24 February 2012

Poker face

One afternoon I donned my white coat and "shadowed" (observed) a physician in the community. This physician was particularly talented at bonding with her patients. Several patients made a point of telling me that I was fortunate to be learning from a doctor who listens so well.

We encountered a patient who was fidgeting and whose eyes appeared sunken. When the doctor asked what had brought her into clinic, she replied that it was anxiety.

The doctor asked her to describe what was making her anxious.

The patient had infidelity problems in her marriage. Their son had recently been diagnosed with a major illness. She had discovered that her husband had secretly spent their life savings pursuing an addiction. Her husband was refusing counseling.

Her tragic story tore at me (how could it not?). While she was telling it, I was unsure how I ought to outwardly react.
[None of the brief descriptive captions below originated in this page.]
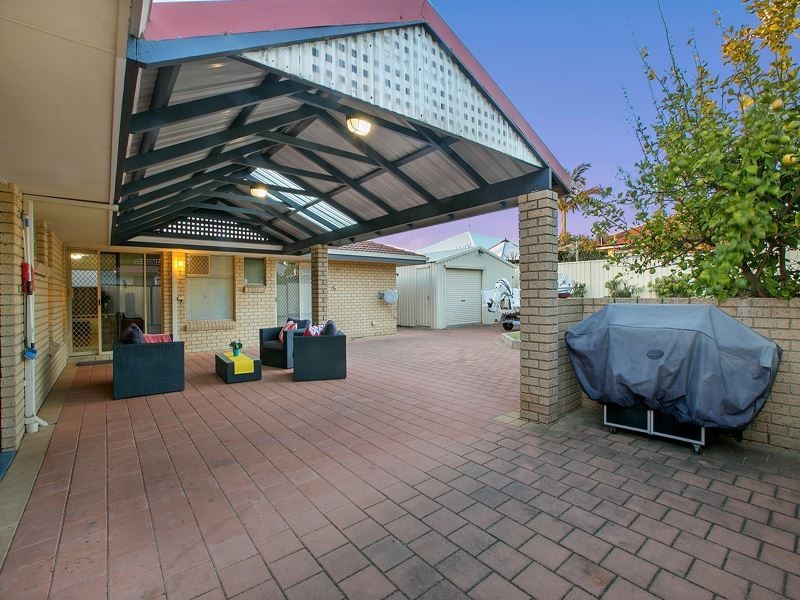 28 Donnelly Gardens, Dudley Park WA 6210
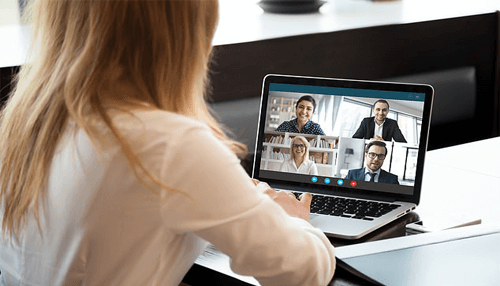 Communicate when working from home - tycoonstory | tycoonstory media A person attending a video conference on a laptop with four colleagues, demonstrating how to work from home through virtual collaboration and communication.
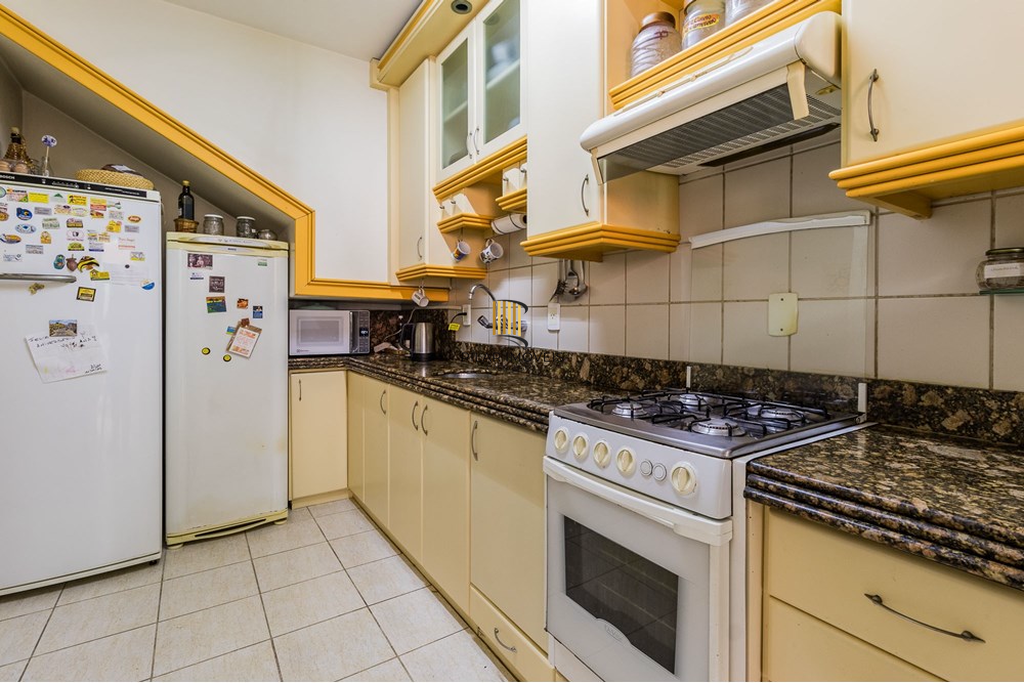 Casa de Condomínio 3 dormitórios no bairro Teresópolis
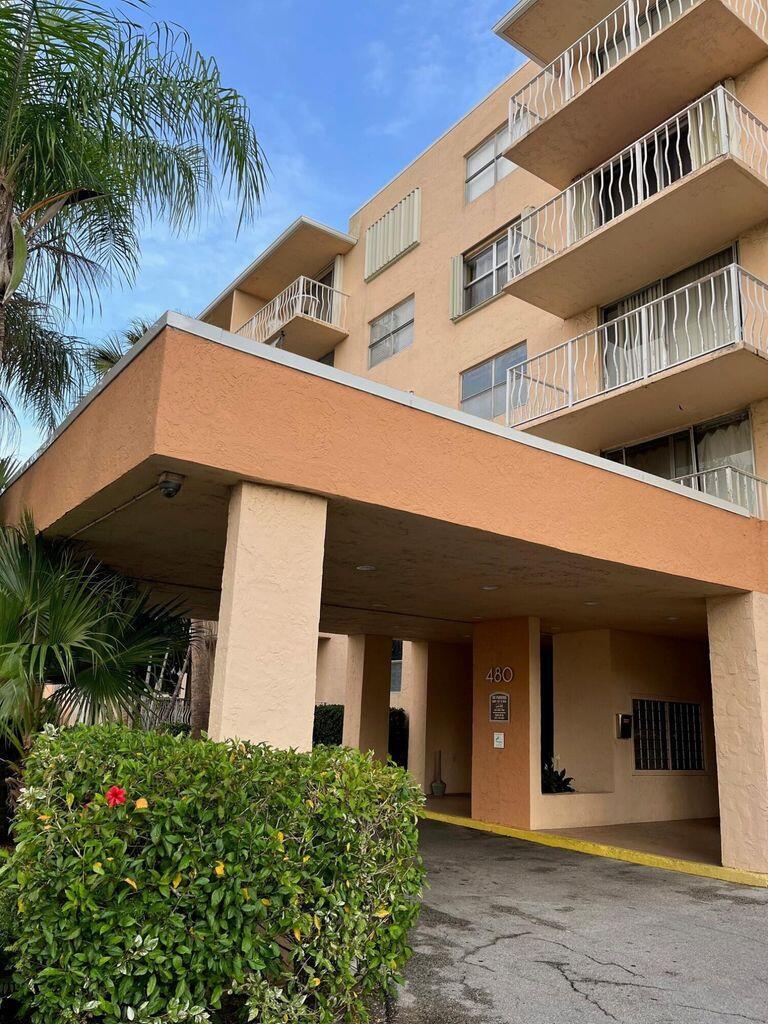 BREAKWATERS OF THE PALM BEACHES CONDO - Residential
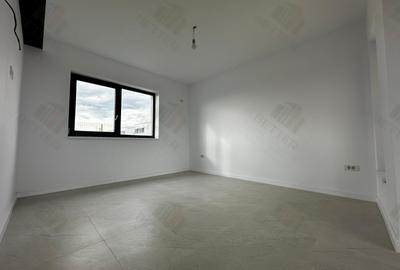 Casa Individuala 4 Camere - 2 Bai / Gata de Mutare - 6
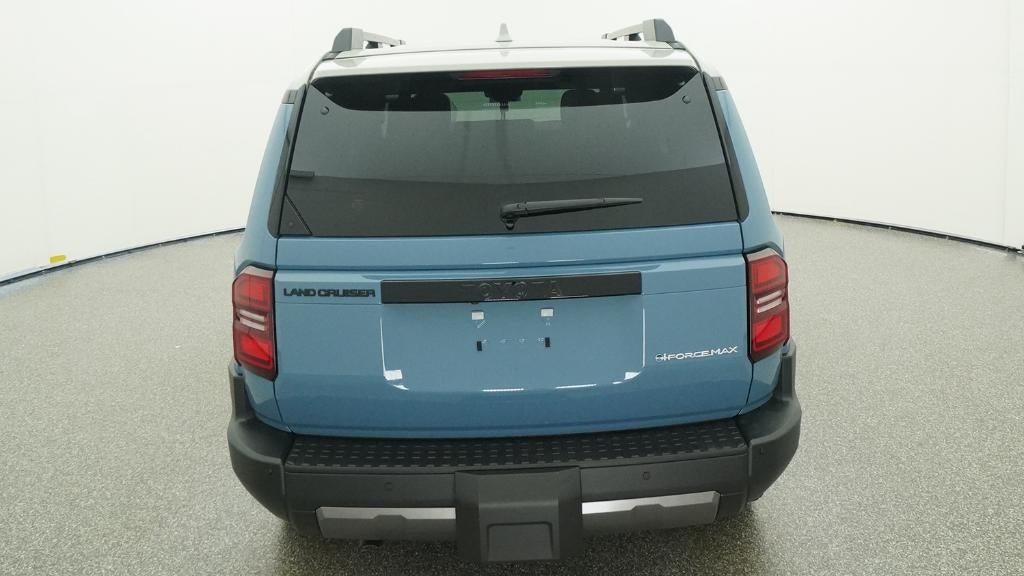 2026 Toyota Land Cruiser 4WD (Natl)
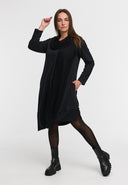 'Lunet' Kleid – modern, elegant & mit charakterstarkem Design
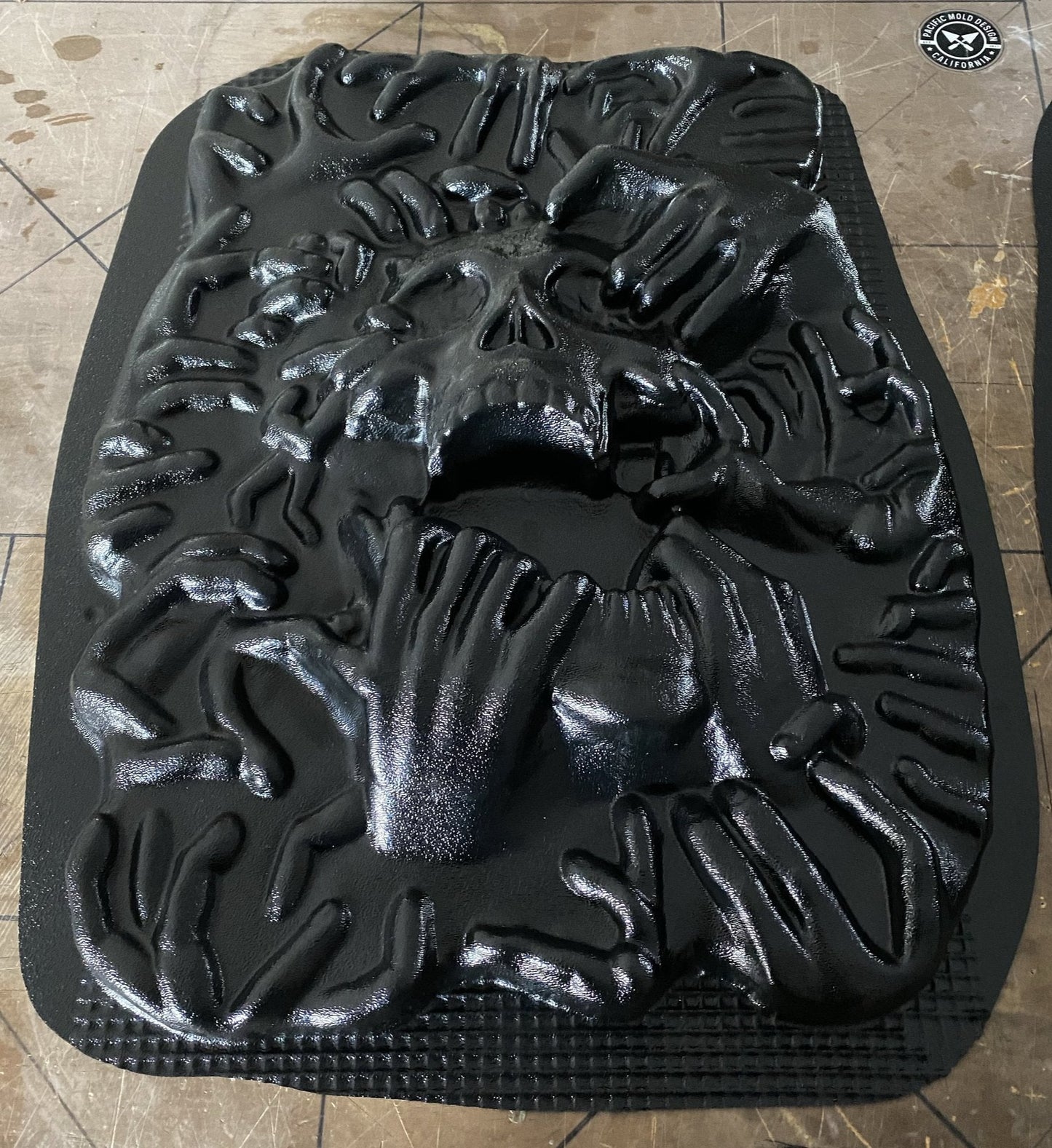 Ripped Skull ABS 17"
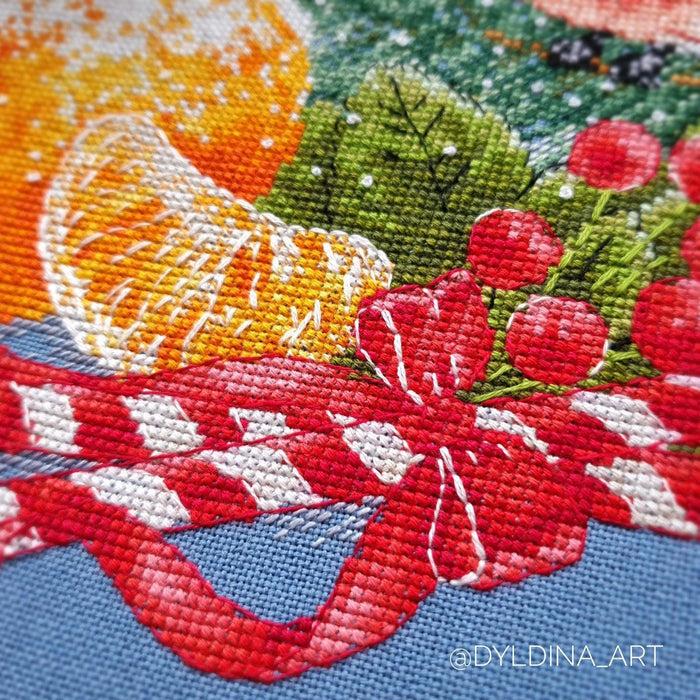 Christmas Bullfinch. December. Calendar Series - PDF Cross Stitch Pattern - Wizardi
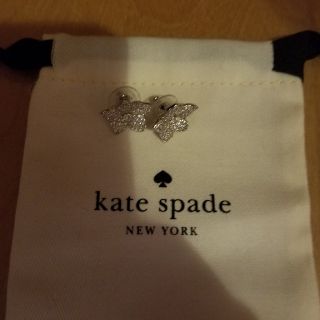 ケイトスペードニューヨーク(kate spade new york)のkate spade❤新品今季秋冬キラキラピアス(ピアス)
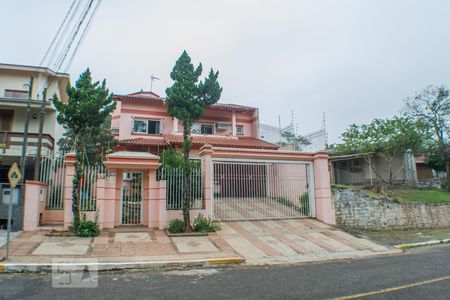 Casa à venda com 280m², 4 quartos e 2 vagasFachada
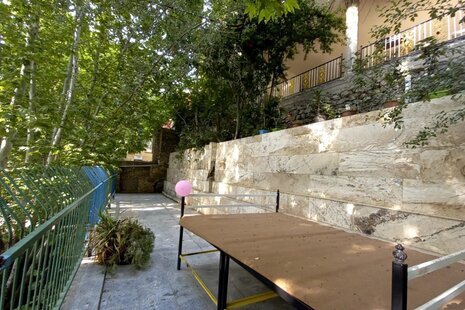 ویلا مبله دو طبقه دوخواب لب آب در باغ بهاردان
Should my facial expression and my body language reveal or at least hint at my horror and my sadness? Should my brow be furrowed or not? Should I be nodding or shaking my head? Throughout the patient visit, my preceptor needed to convey to the patient that she understood her pain, that it was natural for the patient to feel the way she does, that the patient was no less of a person because of all of this, and that there was hope. I studied my preceptor intently throughout the patient encounter, and her expression was rather neutral and calm throughout. In all, I thought the preceptor did an excellent job, and the patient appeared to be feeling more relaxed by the end of the visit.

Our curriculum includes workshops on patient interaction, although I'm not sure to what extent these skills are innate and to what extent they can be learned. A doctor needs to be many things to be effective with patients: an astute observer, a motivated learner, a good communicator, and an engaged listener. Even if a clinician is the right person for the job, it is a tough balance to strike.